> _What needs to be done_: Please repeat the whole listing exactly, but leave out any picture it holds.

> _Dataset_:
== Segment start ==

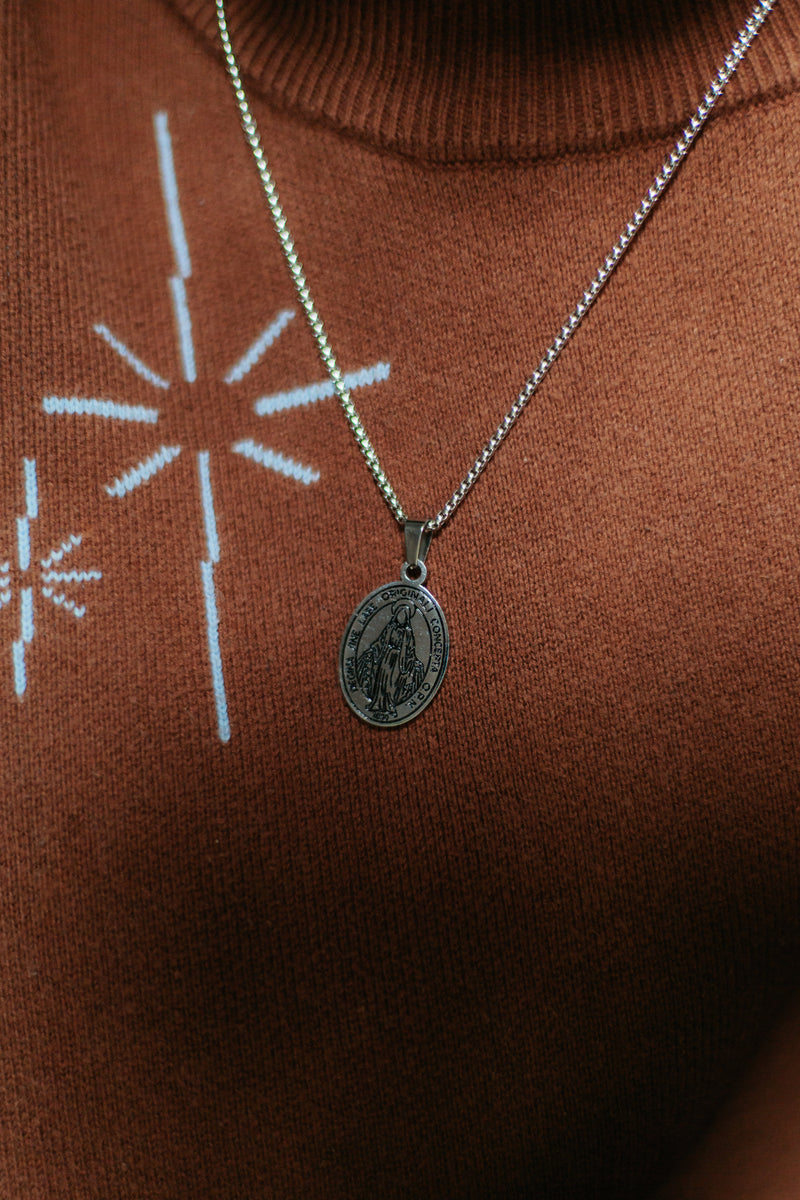 Silver Miraculous Medal for Men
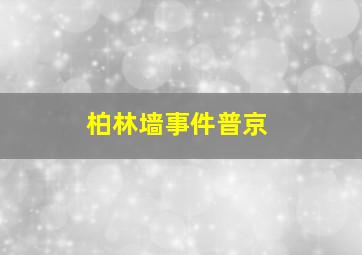 柏林墙事件普京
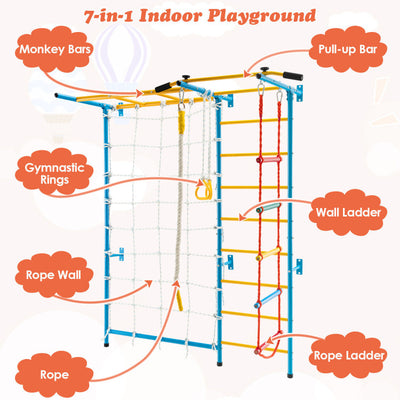 7-in-1 Kids Climbing Toys Indoor Steel Climb Playground Set Gym Equipment Wall Ladder with PVC foot pads and Gymnastic Rings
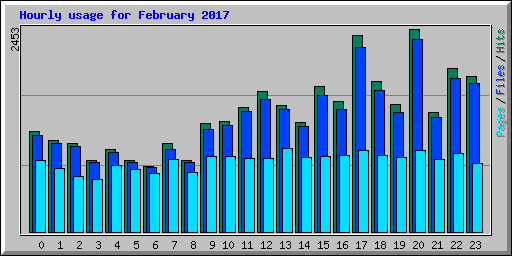 Hourly usage for February 2017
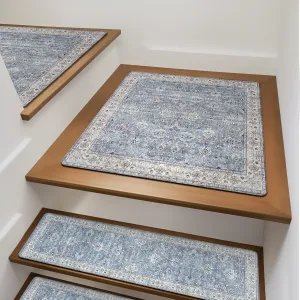 OJIA Stair Treads Non-Slip Matching Mat for Wooden Steps, Square Capet Stair Treads Rubber Backing Stair Runner Anti-Slip Stair Landing Mat 31x31 Inch Stair Rugs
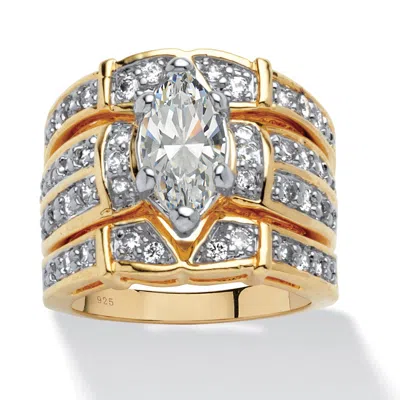 Palm Beach Jewelry 3.05 Tcw Cubic Zirconia 14k Gold-plated Sterling Silver Bridal Set In White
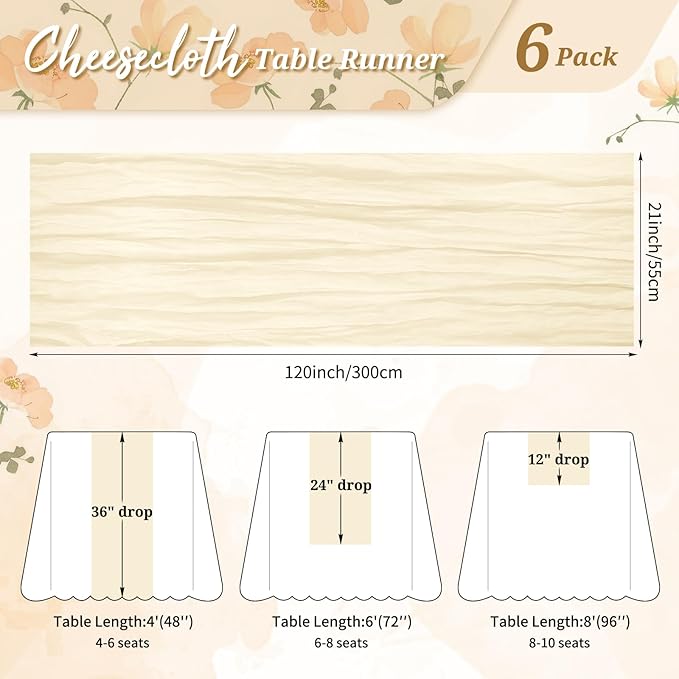 Ivory Cheesecloth Table Runner 6 Pack 10FT - Boho Gauze Sheer Rustic Crinkled Table Runners for Wedding Party Baby Shower Bridal Decor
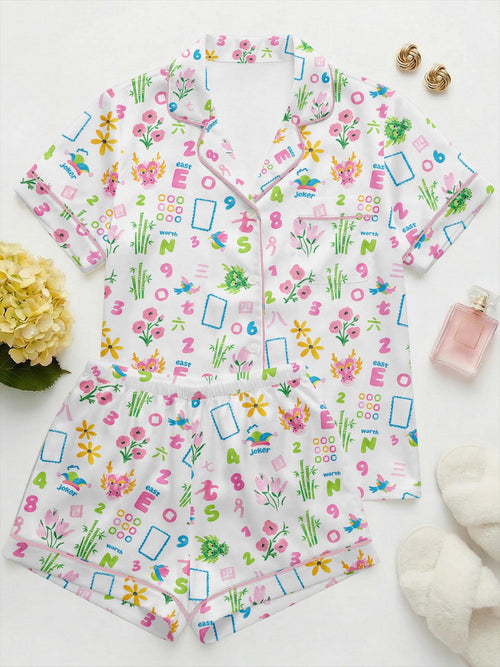 Mahjong Pajama Set Women, Mahjong Party Outfit, Game Night Pajamas, Gift for Mahjong Lover, Girls Night Sleepwear, Lounge Set for Her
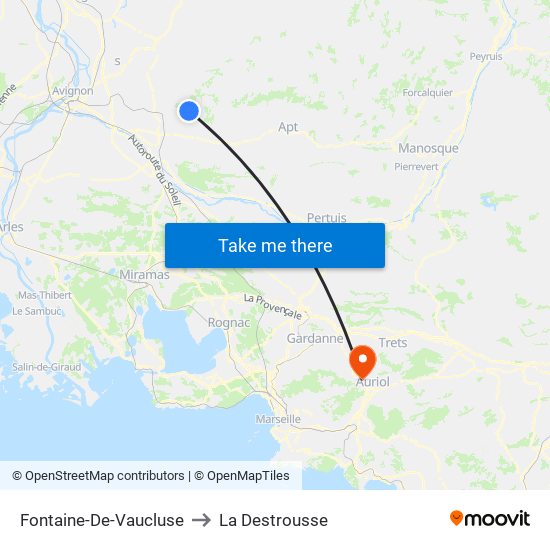 Fontaine-De-Vaucluse to La Destrousse map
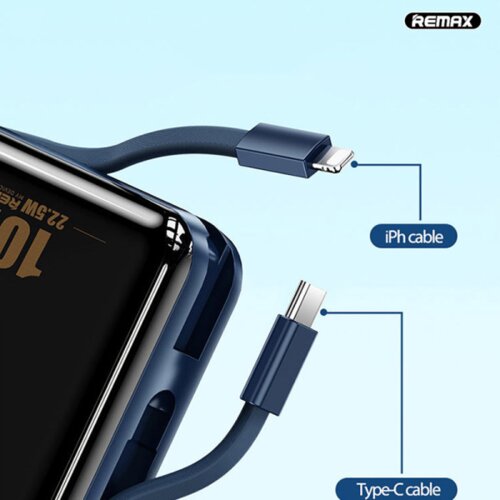 Remax power bank sucha series qc 22.5W+ pd 18W multi-compatible cabled RPP-285 10000 mah plava Cene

== Segment end ==

> _Final answer_:
 Silver Miraculous Medal for Men
 柏林墙事件普京
 7-in-1 Kids Climbing Toys Indoor Steel Climb Playground Set Gym Equipment Wall Ladder with PVC foot pads and Gymnastic Rings
 Hourly usage for February 2017
 OJIA Stair Treads Non-Slip Matching Mat for Wooden Steps, Square Capet Stair Treads Rubber Backing Stair Runner Anti-Slip Stair Landing Mat 31x31 Inch Stair Rugs
 Palm Beach Jewelry 3.05 Tcw Cubic Zirconia 14k Gold-plated Sterling Silver Bridal Set In White
 Ivory Cheesecloth Table Runner 6 Pack 10FT - Boho Gauze Sheer Rustic Crinkled Table Runners for Wedding Party Baby Shower Bridal Decor
 Mahjong Pajama Set Women, Mahjong Party Outfit, Game Night Pajamas, Gift for Mahjong Lover, Girls Night Sleepwear, Lounge Set for Her
 Fontaine-De-Vaucluse to La Destrousse map
 Remax power bank sucha series qc 22.5W+ pd 18W multi-compatible cabled RPP-285 10000 mah plava Cene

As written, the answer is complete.